Wednesday, September 19, 2007

History Lesson

For the record these are some things that should happen to Marc Ecko

1) Feed him to Rhinos

2) Bake two giants cakes for him. One topped with the Letter "K". The other topped with the letter "H". Then throw him a learn how to spell your name party

3) Make the cakes out of old hot dogs and stale beer

4) Introduce him to Commissioner Ford Frick

There is a great monologue in Take Me Out where a character describes the similarities between Democracy and Baseball. The similar checks and balances (blah blah blah this blog isn't about politics it is about baseball, which, le blow me, means more to me)

"I bought this baseball to democratize the debate over what to do with it"

Yes, I am glad you have 750,000 under the couch cushions to spend on a ball.
Yes, I am glad you believe in Democracy

Fantastic, you have nothing better to spend 750,000 dollars on.
Fantastic, like me, you think Darfur is a type of lamp at Ikea

Players are voted into the Hall of Fame by a group of old stodgy sports writers. Sometimes, these paragons of sporting value and know decide not to vote someone in on the first ballot Why? Because. . .that's it, just, because. Last year a guy voted for Dante Bichette! So just like politics baseball has its own funk way of electing people.

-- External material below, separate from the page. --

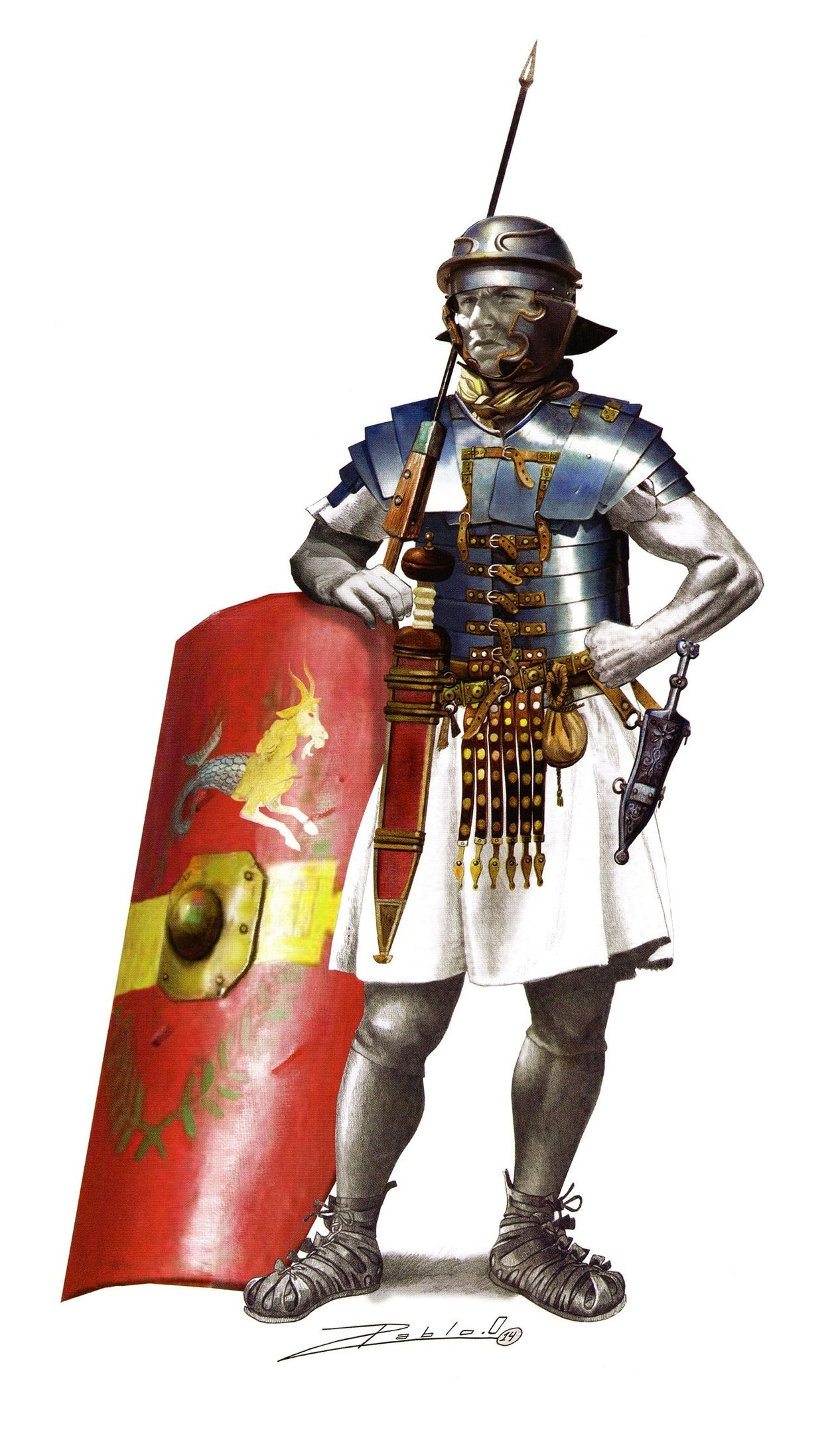 Римский Легионер, Начало I В. Н.э. | Römische Legion, Antike bestimmt für Römische Krieger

BUT! The ball is not a person. It is the event. The ball does not represent what's wrong with sports, or even what's right with sports. It represent the 756th home run. That's all. We didn't spray paint "racist" on Ty Cobb's jersey. We don't list the amount of coke Ricky Henderson was on. Troy Glaus won a World Series MVP and he was on HGH. What? Who? When? If it was up to the public to trash history I would have peed on everything Kirby Puckett did years ago. But I didn't because I can't. Besides the fact- he was a wife beater and the grounds crew cheated (look it up) and he looked like the black Michelin Man- someone, somewhere should be able to view what he did without having the glare of an asterisk or the smell of my urine messing with their Cooperstown experience.

the ball belongs in the hall. Do not make me come to your house and play baseball ninja.

Tuesday, September 11, 2007

new 1


More or less this is how I look. Now-a-days I look a little less like K.D. Lang, but you get the picture because there is a picture.

After the show on Sunday a lady told me I had a wonderful face. Old lady thinks I am pretty is a common theme of my work day so it is cool. However, then she elaborated that my face was wonderful because I could contort it like some sort of wet wash rag of wrinkles. I told her my father was actually a giant piece of silly putty and was on my way.

I almost broke my toe kicking a chair across a patio/room. inanimate objects beware when I am near.